■ Description of the task ■
Among the entries beneath this sentence, how many lines include the word "Glass"? Only the number is wanted.

Extracted records
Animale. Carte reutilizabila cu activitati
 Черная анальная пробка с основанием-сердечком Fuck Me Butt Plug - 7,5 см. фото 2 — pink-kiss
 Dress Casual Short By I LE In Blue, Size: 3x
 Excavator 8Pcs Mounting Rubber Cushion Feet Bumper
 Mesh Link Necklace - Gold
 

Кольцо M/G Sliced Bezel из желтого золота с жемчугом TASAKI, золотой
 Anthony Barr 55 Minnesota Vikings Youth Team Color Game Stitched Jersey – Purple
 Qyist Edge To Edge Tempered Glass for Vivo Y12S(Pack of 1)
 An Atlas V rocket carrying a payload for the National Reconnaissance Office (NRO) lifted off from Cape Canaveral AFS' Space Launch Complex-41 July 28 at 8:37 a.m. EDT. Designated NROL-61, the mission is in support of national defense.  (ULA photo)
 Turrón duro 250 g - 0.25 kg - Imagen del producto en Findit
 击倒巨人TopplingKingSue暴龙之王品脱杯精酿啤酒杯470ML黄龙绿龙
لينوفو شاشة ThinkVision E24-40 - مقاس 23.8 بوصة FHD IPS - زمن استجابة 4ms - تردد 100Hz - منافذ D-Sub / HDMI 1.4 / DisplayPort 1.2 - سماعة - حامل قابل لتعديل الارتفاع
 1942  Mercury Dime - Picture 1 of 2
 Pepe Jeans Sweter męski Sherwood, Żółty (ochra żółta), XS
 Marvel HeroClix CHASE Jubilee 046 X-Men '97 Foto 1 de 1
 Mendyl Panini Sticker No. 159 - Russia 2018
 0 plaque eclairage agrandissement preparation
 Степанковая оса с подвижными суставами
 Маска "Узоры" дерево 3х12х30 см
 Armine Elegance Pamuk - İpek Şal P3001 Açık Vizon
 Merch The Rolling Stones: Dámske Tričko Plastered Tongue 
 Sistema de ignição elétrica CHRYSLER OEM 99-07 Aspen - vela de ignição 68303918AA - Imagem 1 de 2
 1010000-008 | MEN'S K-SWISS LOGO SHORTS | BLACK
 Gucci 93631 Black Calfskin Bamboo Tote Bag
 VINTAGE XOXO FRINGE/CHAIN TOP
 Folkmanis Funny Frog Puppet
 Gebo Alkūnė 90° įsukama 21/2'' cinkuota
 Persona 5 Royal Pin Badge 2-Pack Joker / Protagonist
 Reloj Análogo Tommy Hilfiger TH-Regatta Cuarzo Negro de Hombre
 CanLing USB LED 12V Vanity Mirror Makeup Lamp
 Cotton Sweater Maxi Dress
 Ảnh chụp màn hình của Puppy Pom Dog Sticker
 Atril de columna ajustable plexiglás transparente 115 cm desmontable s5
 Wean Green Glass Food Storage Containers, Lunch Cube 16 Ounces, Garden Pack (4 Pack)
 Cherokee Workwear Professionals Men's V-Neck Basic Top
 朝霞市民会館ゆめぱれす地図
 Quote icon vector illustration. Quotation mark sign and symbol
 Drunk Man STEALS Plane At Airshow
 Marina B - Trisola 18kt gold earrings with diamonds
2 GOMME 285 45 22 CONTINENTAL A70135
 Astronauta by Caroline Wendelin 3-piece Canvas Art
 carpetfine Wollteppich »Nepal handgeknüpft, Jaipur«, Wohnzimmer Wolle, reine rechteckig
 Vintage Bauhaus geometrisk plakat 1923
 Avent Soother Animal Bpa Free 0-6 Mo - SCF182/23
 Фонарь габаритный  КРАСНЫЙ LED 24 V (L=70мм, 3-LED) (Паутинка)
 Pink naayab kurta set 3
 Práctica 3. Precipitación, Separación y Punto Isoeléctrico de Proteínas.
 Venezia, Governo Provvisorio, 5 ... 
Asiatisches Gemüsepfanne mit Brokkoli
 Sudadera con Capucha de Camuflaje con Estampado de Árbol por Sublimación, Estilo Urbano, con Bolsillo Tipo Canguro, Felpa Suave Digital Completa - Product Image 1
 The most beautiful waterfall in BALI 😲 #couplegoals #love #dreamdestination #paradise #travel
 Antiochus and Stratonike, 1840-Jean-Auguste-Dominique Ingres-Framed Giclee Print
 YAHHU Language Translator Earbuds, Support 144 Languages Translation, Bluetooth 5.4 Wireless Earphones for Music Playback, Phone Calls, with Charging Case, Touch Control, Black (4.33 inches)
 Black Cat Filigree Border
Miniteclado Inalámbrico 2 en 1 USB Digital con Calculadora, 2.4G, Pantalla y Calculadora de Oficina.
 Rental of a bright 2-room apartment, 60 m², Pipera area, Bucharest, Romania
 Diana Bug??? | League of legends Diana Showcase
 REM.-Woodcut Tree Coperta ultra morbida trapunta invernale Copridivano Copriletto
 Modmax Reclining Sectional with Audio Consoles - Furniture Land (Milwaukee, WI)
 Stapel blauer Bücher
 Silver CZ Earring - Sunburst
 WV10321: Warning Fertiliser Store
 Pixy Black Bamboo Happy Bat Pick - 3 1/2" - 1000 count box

■ The completed task ■
2